[Data Boundary: Start]
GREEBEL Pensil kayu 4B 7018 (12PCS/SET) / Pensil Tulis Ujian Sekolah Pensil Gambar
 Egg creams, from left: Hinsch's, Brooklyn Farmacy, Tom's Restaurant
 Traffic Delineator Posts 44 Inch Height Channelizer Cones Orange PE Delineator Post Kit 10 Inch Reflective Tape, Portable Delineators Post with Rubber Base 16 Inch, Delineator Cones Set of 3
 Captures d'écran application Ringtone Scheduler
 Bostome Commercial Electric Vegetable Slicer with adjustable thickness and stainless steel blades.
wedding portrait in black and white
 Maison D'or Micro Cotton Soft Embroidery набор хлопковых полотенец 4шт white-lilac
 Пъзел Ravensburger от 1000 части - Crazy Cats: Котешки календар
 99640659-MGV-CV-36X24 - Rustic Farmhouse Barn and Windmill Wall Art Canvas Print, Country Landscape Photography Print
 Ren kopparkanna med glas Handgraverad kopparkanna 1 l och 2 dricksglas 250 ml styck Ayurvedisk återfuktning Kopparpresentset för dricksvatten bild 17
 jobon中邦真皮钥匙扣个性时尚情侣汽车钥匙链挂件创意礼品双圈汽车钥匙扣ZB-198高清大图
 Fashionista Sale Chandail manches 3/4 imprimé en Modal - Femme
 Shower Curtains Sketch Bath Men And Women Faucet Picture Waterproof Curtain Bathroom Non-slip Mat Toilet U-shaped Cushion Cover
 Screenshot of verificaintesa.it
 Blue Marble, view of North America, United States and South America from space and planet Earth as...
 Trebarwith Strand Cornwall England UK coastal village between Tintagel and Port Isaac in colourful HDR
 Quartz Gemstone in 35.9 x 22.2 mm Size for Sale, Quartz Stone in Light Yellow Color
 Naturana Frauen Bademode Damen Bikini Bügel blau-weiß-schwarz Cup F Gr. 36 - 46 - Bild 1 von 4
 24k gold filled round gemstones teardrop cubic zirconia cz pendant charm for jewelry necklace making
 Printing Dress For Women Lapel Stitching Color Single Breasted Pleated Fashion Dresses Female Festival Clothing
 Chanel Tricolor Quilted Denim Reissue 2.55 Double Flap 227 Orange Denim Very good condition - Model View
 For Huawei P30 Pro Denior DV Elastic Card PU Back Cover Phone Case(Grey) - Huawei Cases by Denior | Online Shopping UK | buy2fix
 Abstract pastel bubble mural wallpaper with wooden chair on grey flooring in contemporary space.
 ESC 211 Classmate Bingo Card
[Data Boundary: End]
To do.
The records above must be transcribed without a single omission.

Result for this task.
GREEBEL Pensil kayu 4B 7018 (12PCS/SET) / Pensil Tulis Ujian Sekolah Pensil Gambar
 Egg creams, from left: Hinsch's, Brooklyn Farmacy, Tom's Restaurant
 Traffic Delineator Posts 44 Inch Height Channelizer Cones Orange PE Delineator Post Kit 10 Inch Reflective Tape, Portable Delineators Post with Rubber Base 16 Inch, Delineator Cones Set of 3
 Captures d'écran application Ringtone Scheduler
 Bostome Commercial Electric Vegetable Slicer with adjustable thickness and stainless steel blades.
wedding portrait in black and white
 Maison D'or Micro Cotton Soft Embroidery набор хлопковых полотенец 4шт white-lilac
 Пъзел Ravensburger от 1000 части - Crazy Cats: Котешки календар
 99640659-MGV-CV-36X24 - Rustic Farmhouse Barn and Windmill Wall Art Canvas Print, Country Landscape Photography Print
 Ren kopparkanna med glas Handgraverad kopparkanna 1 l och 2 dricksglas 250 ml styck Ayurvedisk återfuktning Kopparpresentset för dricksvatten bild 17
 jobon中邦真皮钥匙扣个性时尚情侣汽车钥匙链挂件创意礼品双圈汽车钥匙扣ZB-198高清大图
 Fashionista Sale Chandail manches 3/4 imprimé en Modal - Femme
 Shower Curtains Sketch Bath Men And Women Faucet Picture Waterproof Curtain Bathroom Non-slip Mat Toilet U-shaped Cushion Cover
 Screenshot of verificaintesa.it
 Blue Marble, view of North America, United States and South America from space and planet Earth as...
 Trebarwith Strand Cornwall England UK coastal village between Tintagel and Port Isaac in colourful HDR
 Quartz Gemstone in 35.9 x 22.2 mm Size for Sale, Quartz Stone in Light Yellow Color
 Naturana Frauen Bademode Damen Bikini Bügel blau-weiß-schwarz Cup F Gr. 36 - 46 - Bild 1 von 4
 24k gold filled round gemstones teardrop cubic zirconia cz pendant charm for jewelry necklace making
 Printing Dress For Women Lapel Stitching Color Single Breasted Pleated Fashion Dresses Female Festival Clothing
 Chanel Tricolor Quilted Denim Reissue 2.55 Double Flap 227 Orange Denim Very good condition - Model View
 For Huawei P30 Pro Denior DV Elastic Card PU Back Cover Phone Case(Grey) - Huawei Cases by Denior | Online Shopping UK | buy2fix
 Abstract pastel bubble mural wallpaper with wooden chair on grey flooring in contemporary space.
 ESC 211 Classmate Bingo Card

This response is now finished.